Yüksek enflasyon iş gücü piyasasını sıkıştırmaya başladı. Minimum fiyata yapılan yüzde 50’lik artış, birçok bölümde çalışanların beklentilerini üst çekti. Bilhassa yüzde 30’un altında kalan fiyat artışları, çalışanlarda hoşnutsuzluk yarattı. Çünkü bekl…

Yüksek enflasyon iş gücü piyasasını sıkıştırmaya başladı. Minimum fiyata yapılan yüzde 50’lik artış, birçok bölümde çalışanların beklentilerini üst çekti. Bilhassa yüzde 30’un altında kalan fiyat artışları, çalışanlarda hoşnutsuzluk yarattı. Çünkü beklenti enflasyonu nedeniyle mevcut mkent aydın haberlerişların da yıl içinde enflasyon karşısında eriyeceği telaşı kelam gelimi edilen.
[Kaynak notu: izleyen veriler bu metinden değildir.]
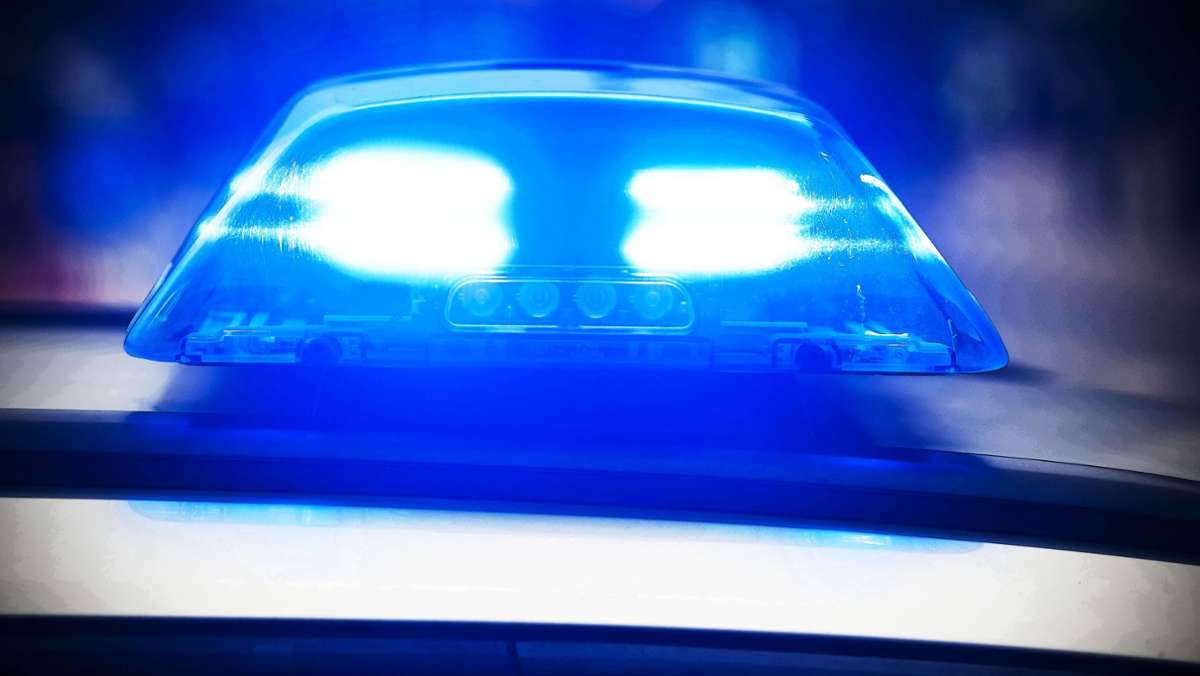 Drogenkontrolle in Stuttgart-West: 18-Jähriger attackiert Polizisten mit Faustschlägen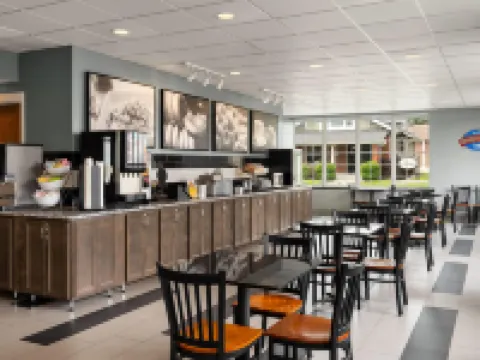 Baymont by Wyndham Jefferson City Hotels in Cole County
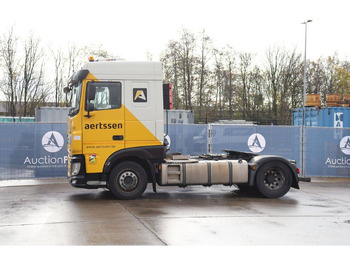 Truk sasis DAF XF 480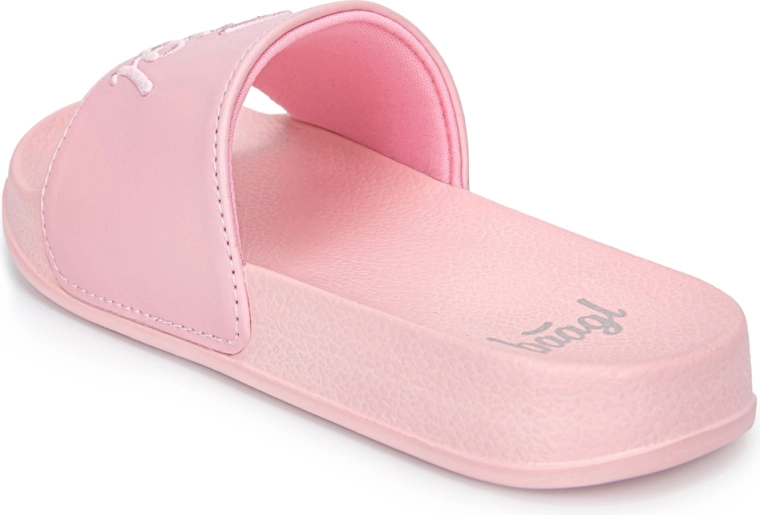 Ergonomic footbed for comfort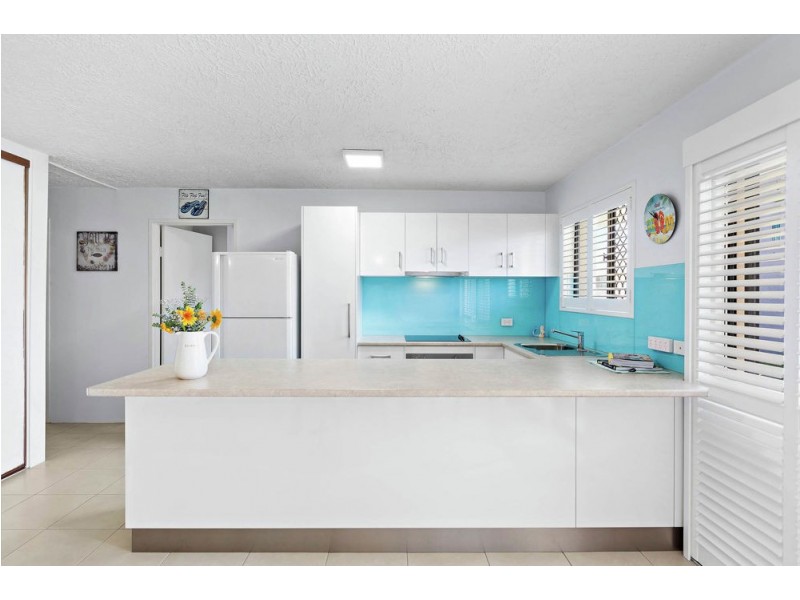 2/2 Osbourne Street, Scarborough QLD 4020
Dünya gazetesinden Merve Yiğitcan’ın haberine nazaran; başka yandan patronlar, başta güç olmak üzere çeşitli maliyetlerin altından kalkma çabası veriyor. Bilhassa eriyen işletme sermayeleri gerilimi artırıyor.

Patron artan maliyetler ve çalışan fiyatları ortasında kalmış durumda. Bu durumun birinci yansımaları olarak esnaf kurye aksiyonları, akabinde kimi işyeri ve fabrikalarda artırım protestoları gerçekleşti. Mkent aydın haberlerişlarından şad olmayan ve enflasyona ezileceğini düşünen çalışanların bir kısmı patronlarıyla fiyat artış oranlarının revize edilmesini konuşurken, bir kısmı da yeni iş fırsatlarını araştırıyor. İstifaları engellemek isteyen patronlar ise hesaplarını tekrar yapmaya başladı.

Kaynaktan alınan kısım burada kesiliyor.